Correlations of average total thickness in mature and immature tissues between MRI and PLM
| µMRI total thickness (µm) | PLM total thickness (µm) | t probability | |
|---|---|---|---|
| (A) Humeral Cartilage | |||
| Immature | 343.2 ± 22.9 | 381.0 ± 31.0 | 0.53 |
| Mature | 256.4 ± 12.7 | 259.0 ± 9.0 | 0.73 |
| t probability | 0.2 | 0.06 | |
| (B) Femoral Cartilage | |||
| Immature | 388.0 ± 46.7 | 410.0 ± 10.0 | 0.65 |
| Mature | 218.0 ± 20.6 | 249.0 ± 31.0 | 0.38 |
| t probability | 0.01 | 0.04 | |
Figure 4 shows the depth‐dependent T2 and T1ρ profiles of the femoral cartilage from the knee joints, comparing immature and mature tissues. Nearly identical features can be found in the femoral cartilage, with one exception. In humeral cartilage (Figure 3), the peaks of the T2 0° profiles reach the values of the corresponding T2 55° profiles.
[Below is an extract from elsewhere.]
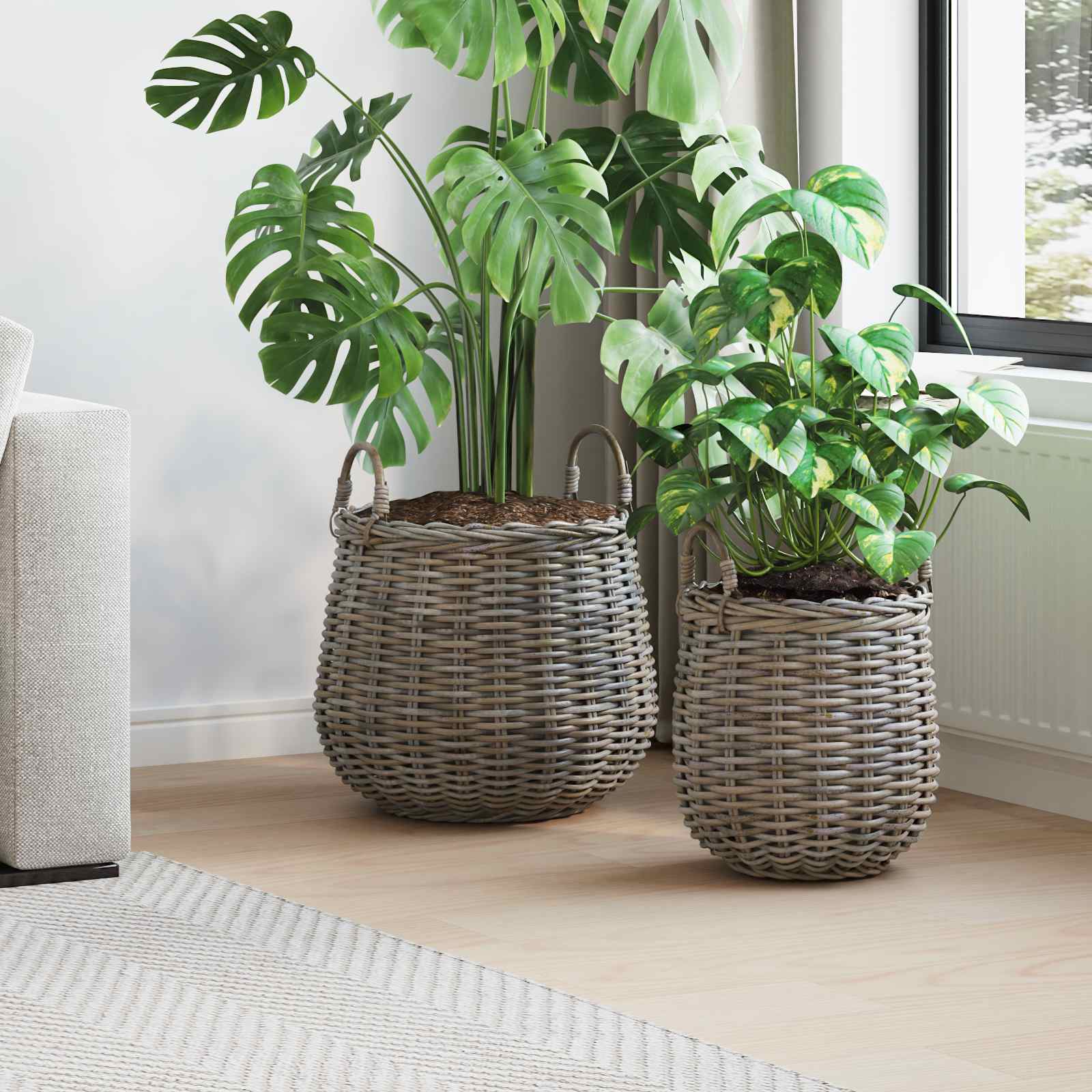 vidaXL Blumentopf Körbchen mit Speicher 2 pcs Grau Lacak Rattan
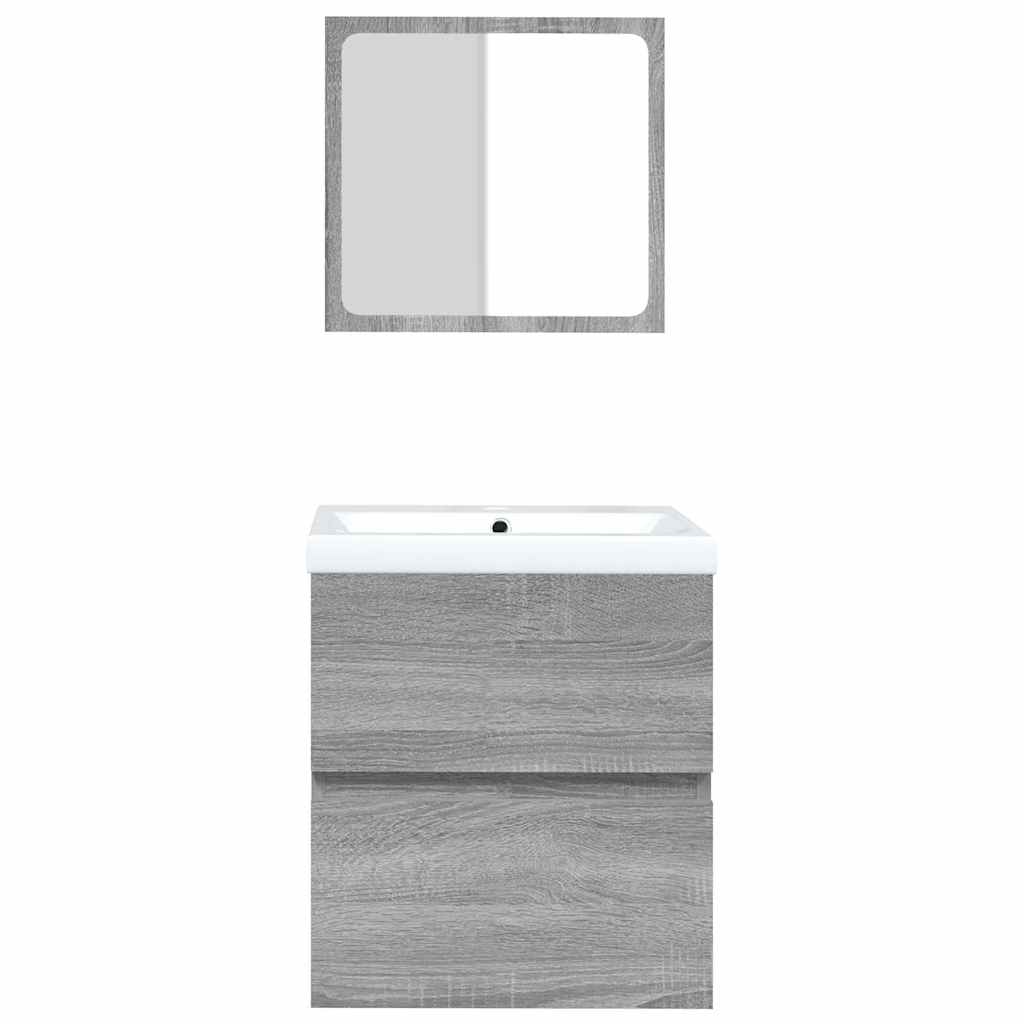 Mobile da Bagno con Lavabo e Specchio Grigio Sonoma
The peaks of the T2 0° profiles in the femoral cartilage, in contrast, did not reach the values of the corresponding T2 55° profiles. The error bars in these quantitative plots (Figures 3 and 4) come from the depth‐dependent row‐averaging in data analysis, where the large error bars in the deep cartilage merely mean there were some miscalculated T2 or T1ρ values within the adjacent rows, commonly occurring at the regions where cartilage interfaces irregularly with the bone.
FIGURE 4.
T2 (a, b) and T1ρ (c, d) depth‐dependent profile of immature (a, c) and mature (b, d) cartilage of femurs at 0° and 55° orientations B0, respectively. (Each of these profiles was from a single image, as in Figure 3)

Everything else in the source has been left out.